◆ TASK DIRECTIONS
A word-for-word copy of the entries is needed, and it should contain no images.

◆ AVAILABLE RECORDS
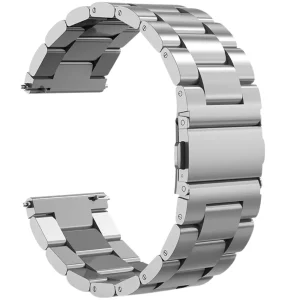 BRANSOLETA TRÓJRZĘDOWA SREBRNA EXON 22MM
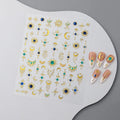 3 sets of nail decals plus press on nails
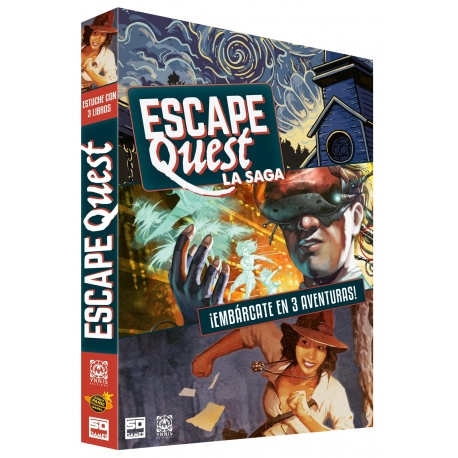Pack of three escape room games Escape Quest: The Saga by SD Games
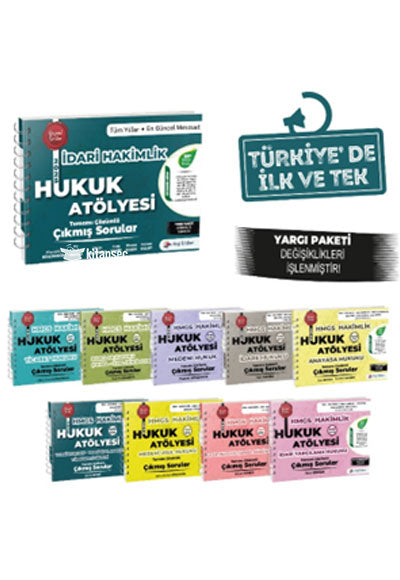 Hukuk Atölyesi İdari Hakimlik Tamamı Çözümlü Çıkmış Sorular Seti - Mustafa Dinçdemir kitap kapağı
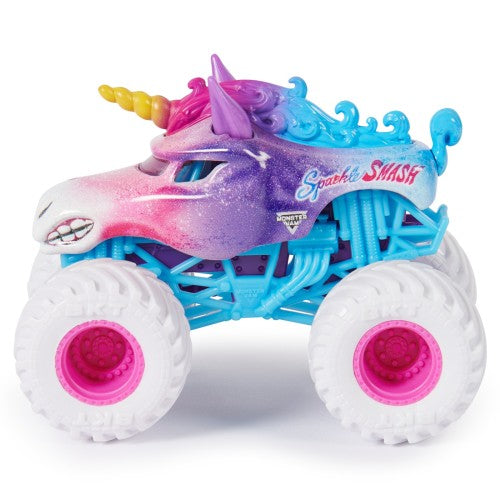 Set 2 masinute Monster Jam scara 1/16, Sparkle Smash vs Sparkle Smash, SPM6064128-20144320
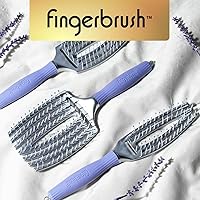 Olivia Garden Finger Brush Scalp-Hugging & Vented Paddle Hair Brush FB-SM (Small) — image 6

◆ OUTPUT BELOW
 BRANSOLETA TRÓJRZĘDOWA SREBRNA EXON 22MM
 3 sets of nail decals plus press on nails
Pack of three escape room games Escape Quest: The Saga by SD Games
 Hukuk Atölyesi İdari Hakimlik Tamamı Çözümlü Çıkmış Sorular Seti - Mustafa Dinçdemir kitap kapağı
 Set 2 masinute Monster Jam scara 1/16, Sparkle Smash vs Sparkle Smash, SPM6064128-20144320
 Olivia Garden Finger Brush Scalp-Hugging & Vented Paddle Hair Brush FB-SM (Small) — image 6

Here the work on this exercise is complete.